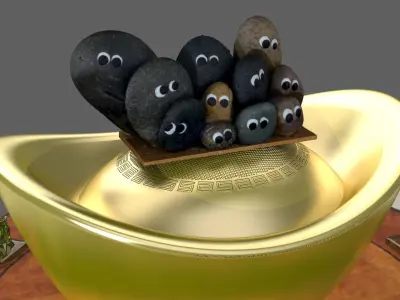 Chinese gold ingot with stone face  3D model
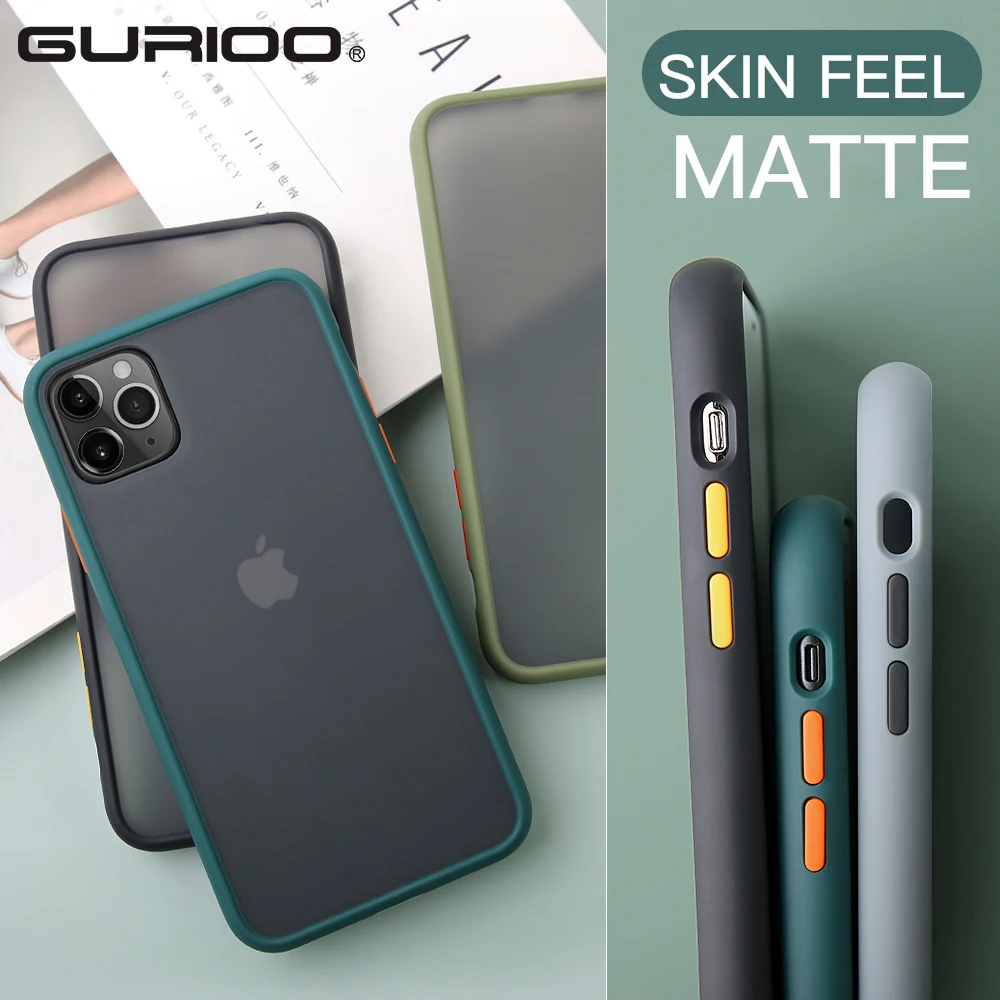Funda híbrida a prueba de golpes para iPhone 13 11 12 Pro Max, funda transparente mate suave para iPhone X XS Max XR 10 8 7 6S Plus SE 2020 Carcasa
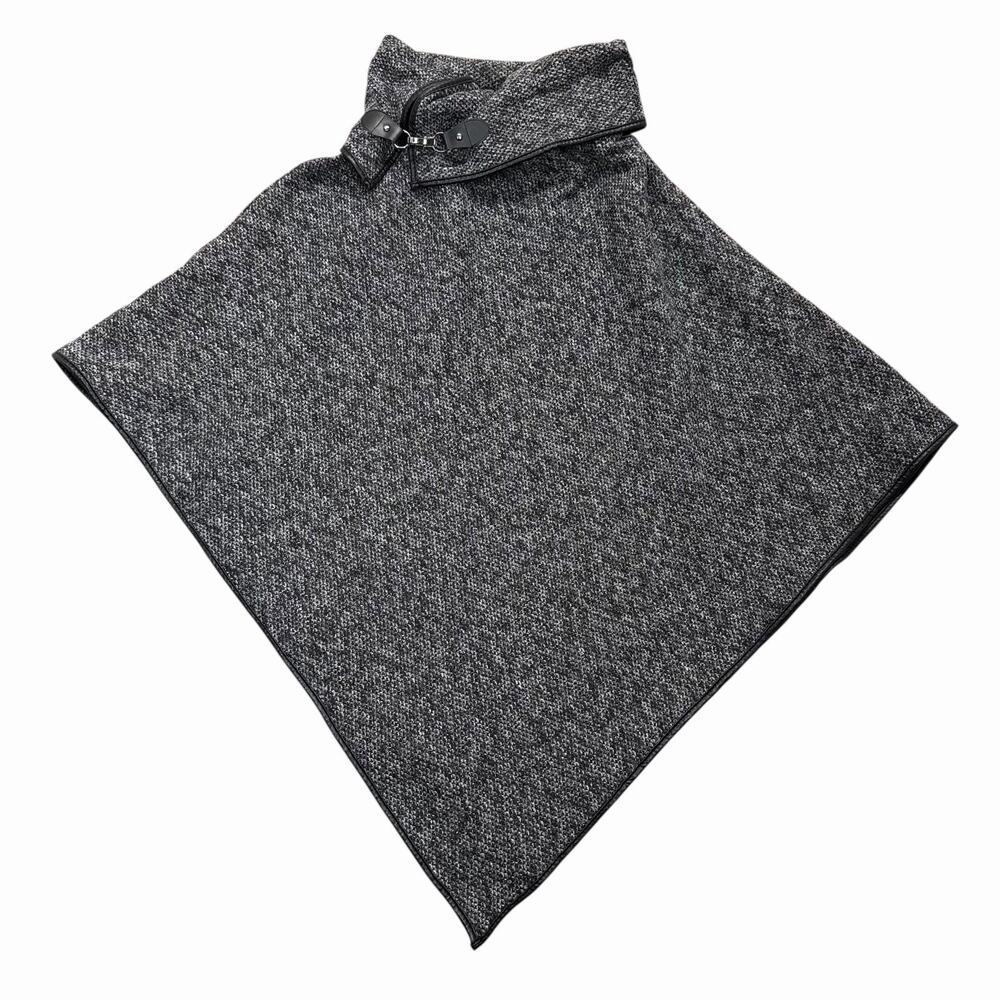 Gray Marled Poncho Cape Wrap Buckle Neck Chic Minimalist Scandi One Size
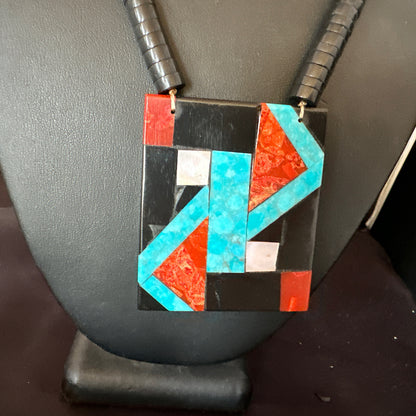 Blue Turquoise Black Onyx Santo Domingo Sterling Silver Necklace 21” 15666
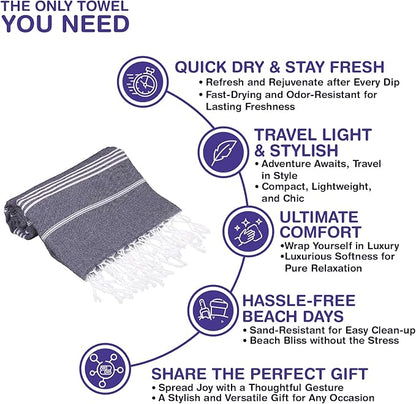 Turkish Beach Towels, Bulk Case of 12 | Oversized, Quick Dry, Sand Free | 100% Cotton, Large 38x71 Towels for Beach, Pool, Travel | Ultra-Soft, Compact, Absorbent | Navy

☆ ☆ ☆

Skip the pictures, then return the rest of the data exactly.

## Output for this task
 Chinese gold ingot with stone face  3D model
Funda híbrida a prueba de golpes para iPhone 13 11 12 Pro Max, funda transparente mate suave para iPhone X XS Max XR 10 8 7 6S Plus SE 2020 Carcasa
 Gray Marled Poncho Cape Wrap Buckle Neck Chic Minimalist Scandi One Size
 Blue Turquoise Black Onyx Santo Domingo Sterling Silver Necklace 21” 15666
 Turkish Beach Towels, Bulk Case of 12 | Oversized, Quick Dry, Sand Free | 100% Cotton, Large 38x71 Towels for Beach, Pool, Travel | Ultra-Soft, Compact, Absorbent | Navy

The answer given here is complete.